Mit seinem Urteil vom
03.04.2008 stellt der EuGH laut der Pressemitteilung Nr. 20/08 vom gleichen
Tage im Ergebnis fest: „Ein Lohnsatz, der in einem nicht für allgemein
verbindlich erklärten Tarifvertrag in einem Mitgliedsstaat, in dem es ein
entsprechendes System gibt, festgelegt worden ist, darf Erbringern
staatenübergreifender Dienstleistungen, die Arbeitnehmer in das Hoheitsgebiet
dieses Mitgliedsstaates entsenden, nicht durch eine auf die Vergabe
öffentlicher Aufträge anwendbare gesetzliche Maßnahme vorgeschrieben werden.“
Damit zielt der EuGH letztlich
darauf ab, dass hinsichtlich der Löhne bei der staatenübergreifenden Erbringung
von Leistungen nur solche Bedingungen zu garantieren sind, die durch
allgemeinverbindliche Tarifverträge festgelegt sind. Allgemeinverbindliche
Tarifverträge liegen vor, wenn sich die Bindungswirkung auf alle in den
geografischen Bereich des Tarifvertrags fallende Leistungen erstreckt. Sofern,
wie bei dem der Beurteilung des EuGH zugrunde liegenden Landesvergabegesetzes
des Landes Niedersachsen, eine Bindung nur für öffentliche Auftraggeber, nicht
aber im Bereich der privaten Auftraggeber besteht, ist diese
Allgemeinverbindlichkeit zu verneinen.
Obwohl also mit dem
niedersächsischen Landesvergabegesetz – wie im Übrigen auch mit dem Hessischen
Gesetz über die Vergabe öffentlicher Aufträge (Hessisches Vergabegesetz – HVgG)
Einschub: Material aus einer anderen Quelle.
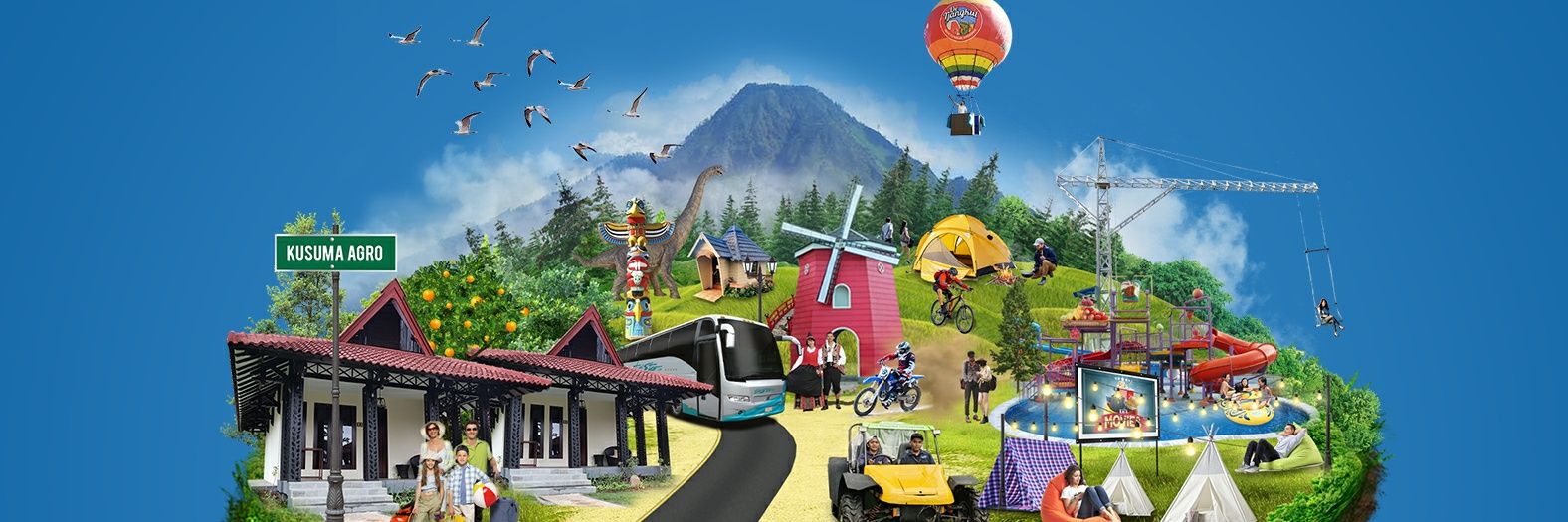 Agrowisata's profile banner image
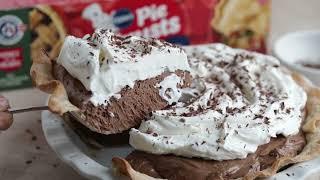 ​Nutella™ Mousse Pie  Pillsbury​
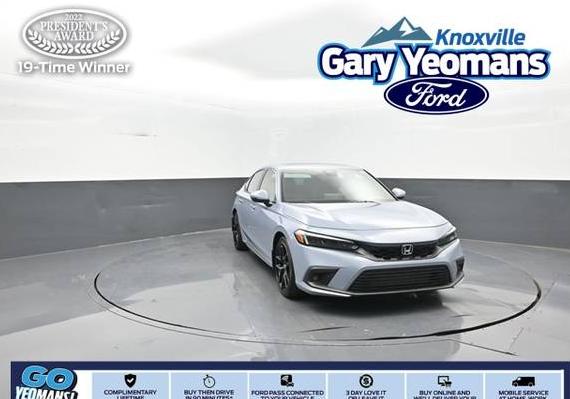 HONDA CIVIC 2024 19XFL1G81RE030812 image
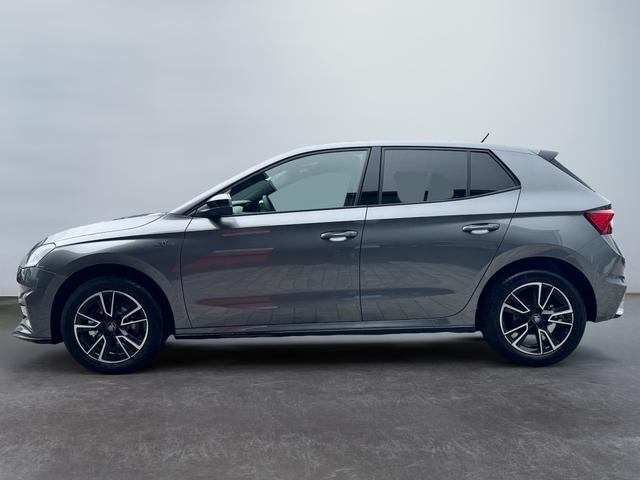 Skoda Fabia 1.5 TSI Monte Carlo DSG 2ZoKl SHZ ACC 2xPDC LED SmartLink LMF 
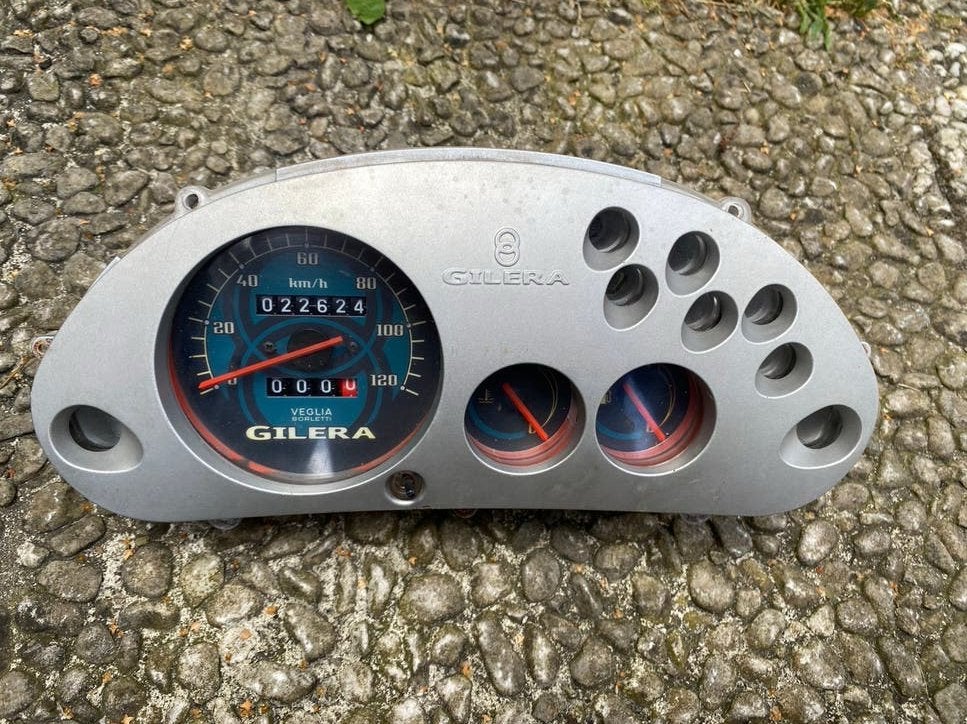 Gilera runner sp teller, Ophalen of Verzenden, Zo goed als nieuw, Overige typen, Overige merken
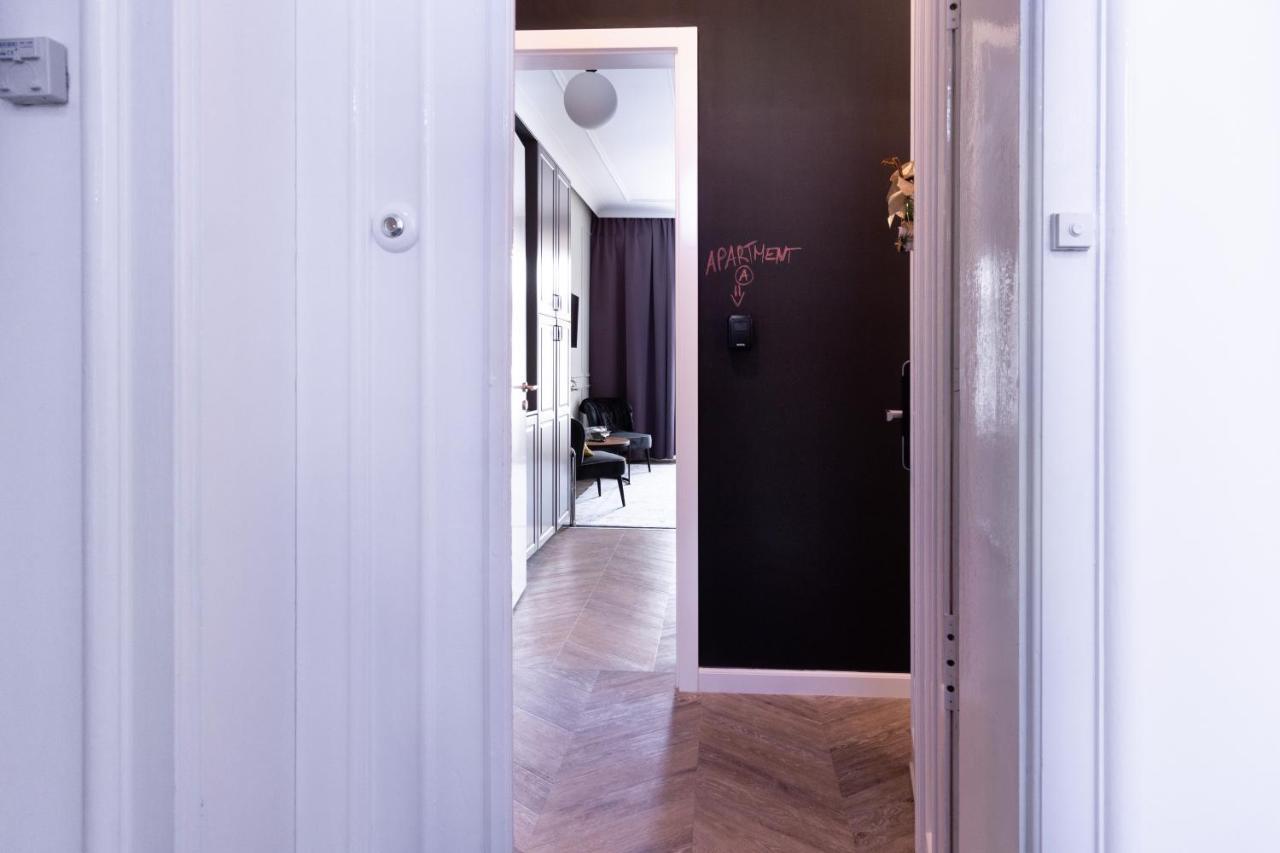 Tesla Design Apartments Загреб Экстерьер фото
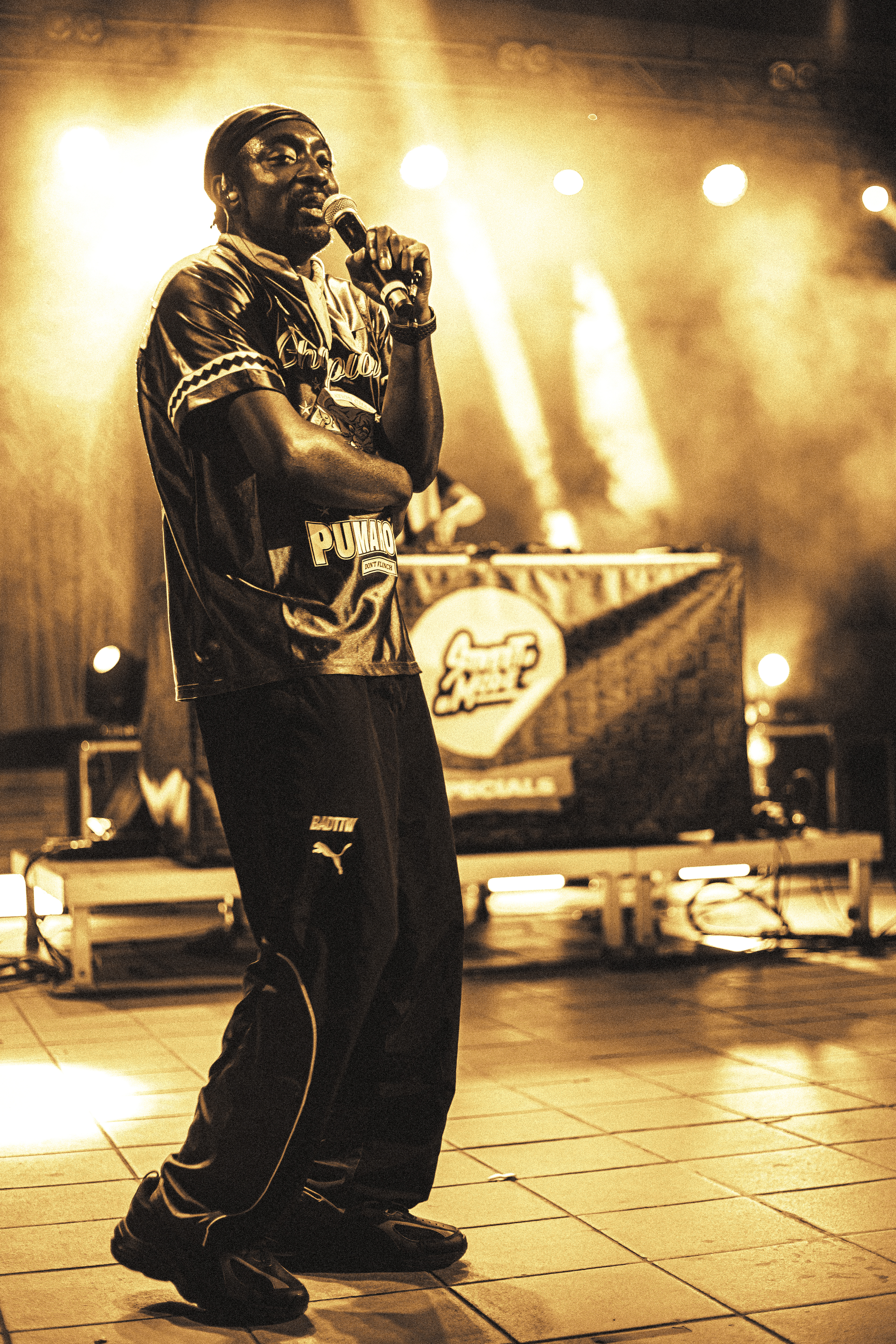 Negros tou Moria @ Moni Lazariston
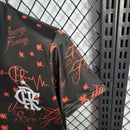 Camisa Flamengo Pré-Jogo 22/23 - Feminina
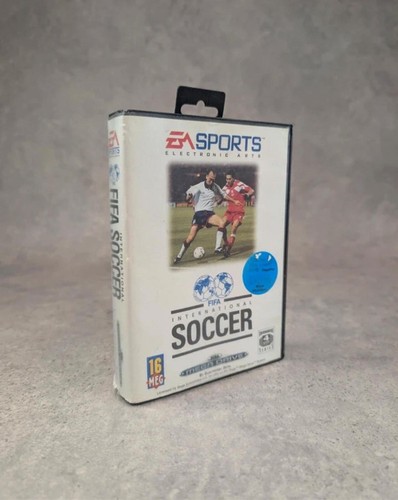 Fifa international soccer - international,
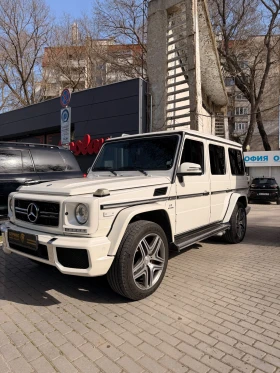 Mercedes-Benz G 63 AMG 85 000км - 25000 € / 48895.75 лв. - 55328583 4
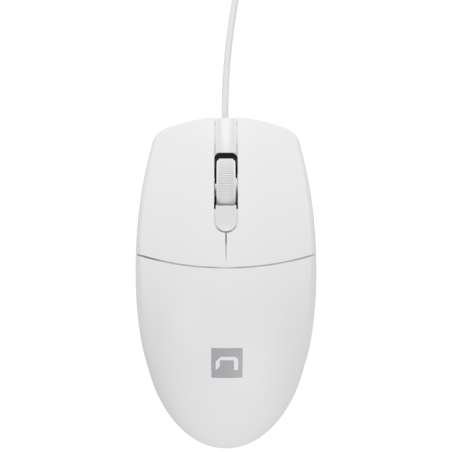 NATEC NMY-1988 ratón Oficina USB tipo A Óptico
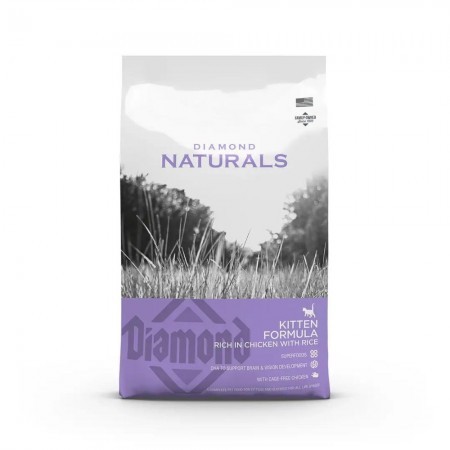 Diamond naturals cat sale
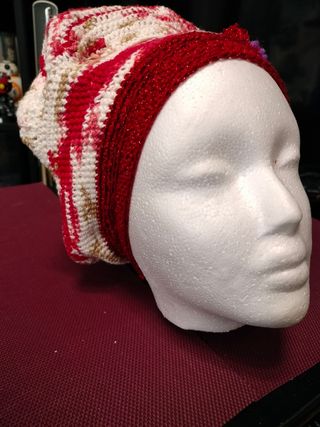 Gorro Crochet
vom 17.12.2007 - der Maßgabe des § 97 (4) GWB („Aufträge werden an fachkundige,
leistungsfähige und zuverlässige Unternehmen vergeben; andere oder
weitergehende Anforderungen dürfen an Auftragnehmer nur gestellt werden, wenn
dies durch Bundes- oder Landesgesetz vorgesehen ist.“) Rechnung getragen wurde,
erkennt der EuGH durch die in diesen Gesetzen festgeschriebene Bindung an die
am Ort der Erbringung der Leistung geltenden Tarifverträge eine Einschränkung
des freien Dienstleistungsverkehrs.
Der Kreisausschuss hat
insoweit das Urteil des EuGH zur Kenntnis zu nehmen. Es wird abzuwarten sein,
inwieweit der Gesetzgeber das HVgG einer Anpassung an die Maßgaben des EuGH zuführt.
Eine Anwendung des HVgG ist
derzeit ohnehin nicht möglich, weil es an einer Bekanntmachung der für das
öffentliche Auftragswesen und das Tarifvertragsrecht zuständigen Ministerien
des Landes Hessen entsprechend HVgG § 2 (2) fehlt. Die nach dem HVgG
anzuwendenden Tarifentgelte wurden noch nicht im Staatsanzeiger für das Land
Hessen veröffentlicht.
- Inwieweit sind aktuelle Ausschreibungen rsp. Vergaben des Kreises hiervon betroffen und ggf. beklagbar?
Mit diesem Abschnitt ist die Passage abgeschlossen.